Use them for repetition, tedium, and test generation. Anything which is repetitive and tedious is ripe for automation with LLMs. They're very good at repeating structures, so repetitive tasks are easy for an LLM to do usually. They also excel at generating test cases, some of which will be valid and some which are invalid. Automating these things lets you spend less time on them so that you can spend more time on parts you are uniquely good at. That also includes tests: let the machine test the obvious things, and spend more time thinking about what tests you want.
Don't expect novelty. In general it doesn't seem like you can expect completely novel solutions to things from these models. If it is something which is generally tried and true, the model can do it. Glue together APIs, yep! But it won't come up with a clever new algorithm to solve your problem. You've got to do that with your head meat.
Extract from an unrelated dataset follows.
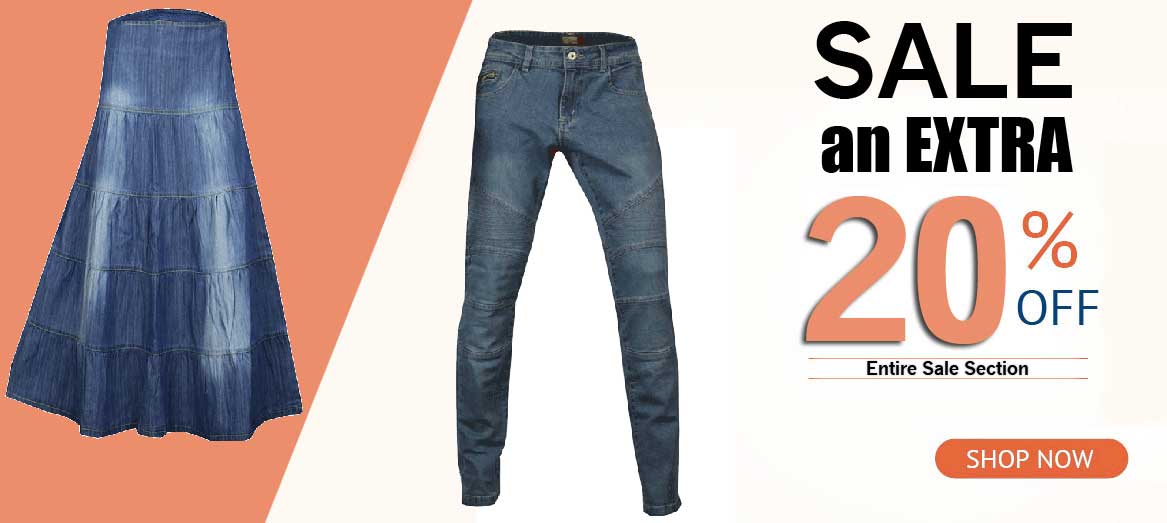 jeans-oasis-sale-online.jpg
One of the most important things I took away from RC was to learn generously. The idea is by sharing and being open, the entire community improves and learns more. We all get more out of it that way.
This is especially important in a new emerging field like the practical use of LLMs. We all have a lot of learning to do, so as we learn, we should tell others about what we have learned for the betterment of our entire community, our whole field of software engineering.
Doing this isn't always easy or comfortable. I'm not entirely comfortable writing this post, because I feel like I don't know what I'm doing with these yet! (Discounting the fact that no one does, but some people certainly know way more than me.) But the reality is that everyone has a valid, valuable perspective, and sharing when you feel uncomfortable is one of the strongest signs that you are learning and growing.
So please, join me in sharing generously how you work with LLMs, what works well and what doesn't, what your fears are, what your hopes are. We will all improve together if we all share with and learn from each other.
Increasingly I wonder how much humans are "just" statistical models, as well.
This story has an excellent backstory for why it comes in different flavors with different types of teachers.
Related, the ACM Code of Ethics instructs us to "Perform work only in areas of competence", so if you cannot check the work of an LLM, you should probably turn down that work task anyway if it risks any harm.